Ray Scott, State Senator, Colorado:

“Unfortunately, the state’s proposal offers no economic impact analysis. Instead, it hopes health care providers and insurers will volunteer solutions to absorb [$1.5] billion in reimbursement cuts. That offers little reassurance to employers and employees across Colorado who will be forced to accept government-run plans.”

Kevin Ross, Mayor of Eaton, Colorado:

“Multiple studies have shown the public option would be a disaster, costing thousands of health care jobs here in Colorado and pushing some hospitals — especially those in rural areas — to shutter.”

Colin Larson, State Representative, Colorado:

“When we’re coming here talking about the figures for the public option, how can we have any faith that we won’t be hearing in 2021 that in fact, they were wildly off mark that we did not have a real grasp on what these costs would be? Frankly, with no hyperbole intended, this could have a very real chance on the scale of what we’re talking about be bankrupting Colorado.”
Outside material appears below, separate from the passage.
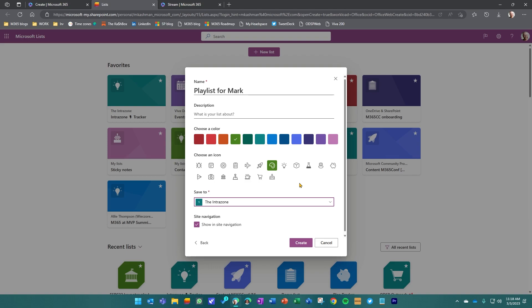The important thing here, anytime you put a list anywhere, is it helps define who has access to this list once you create it. If you want this list to be more broadly available, put it into a space like a communication site or a broadly accessible team site. If you put it into your my list space, just know that you're going to have to give out the capabilities for people to view the playlist, effectively approving each person that you want to send it to. So be mindful of who needs access or who you want to have access in the end.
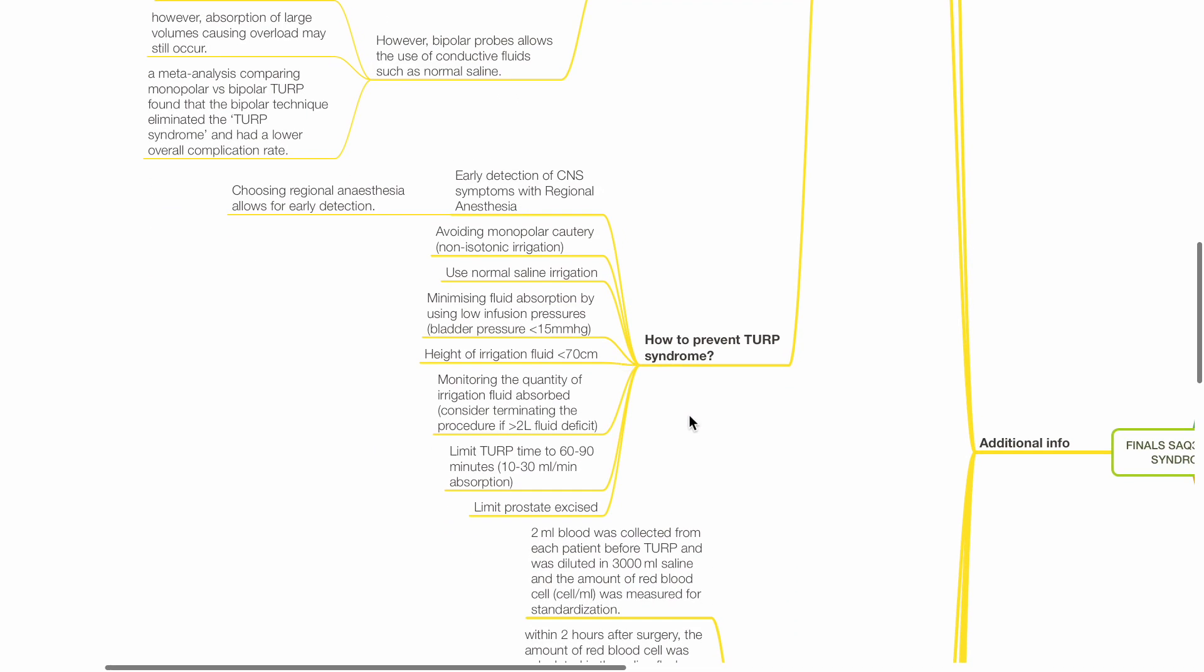How to prevent TURP syndrome? Choosing regional anesthesia allows for early detection, particularly CNS symptoms. Avoid monopolar cautery and non-isotonic irrigation. Use normal saline irrigation. Minimize fluid absorption by lowering infusion pressures. Bladder pressure should be less than 15 mmHg. Height of irrigation fluid should be less than 70 cm.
Rhonda Fields, State Senator, Colorado:

“I just don’t know how you tell a hospital what their rate should be, that’s just the statement. How are we going to ensure that we get the kind of participation that we need? From insurers? Do we know if some folks don’t want to participate? I know we’ve been talking about competition, but how do we make sure that people will participate in this?”

Richard Holtorf, State Representative, Colorado:  

“I have a hard time understanding how government insertion increases competition. Historically, when government gets directly involved, competition gets diminished or controlled or regulated to such a degree that there’s less competition, not more. “I’m really concerned about how many companies are going to leave the market when you mandate benefit plans.”

Richard Holtorf, State Representative, Colorado:  

“If insurance companies decide to migrate away from this state and the conditions that this legislation would set, then it could very well become the program that you said you didn’t choose, and that would be a concerning cost and an incredible burden to the state of Colorado.”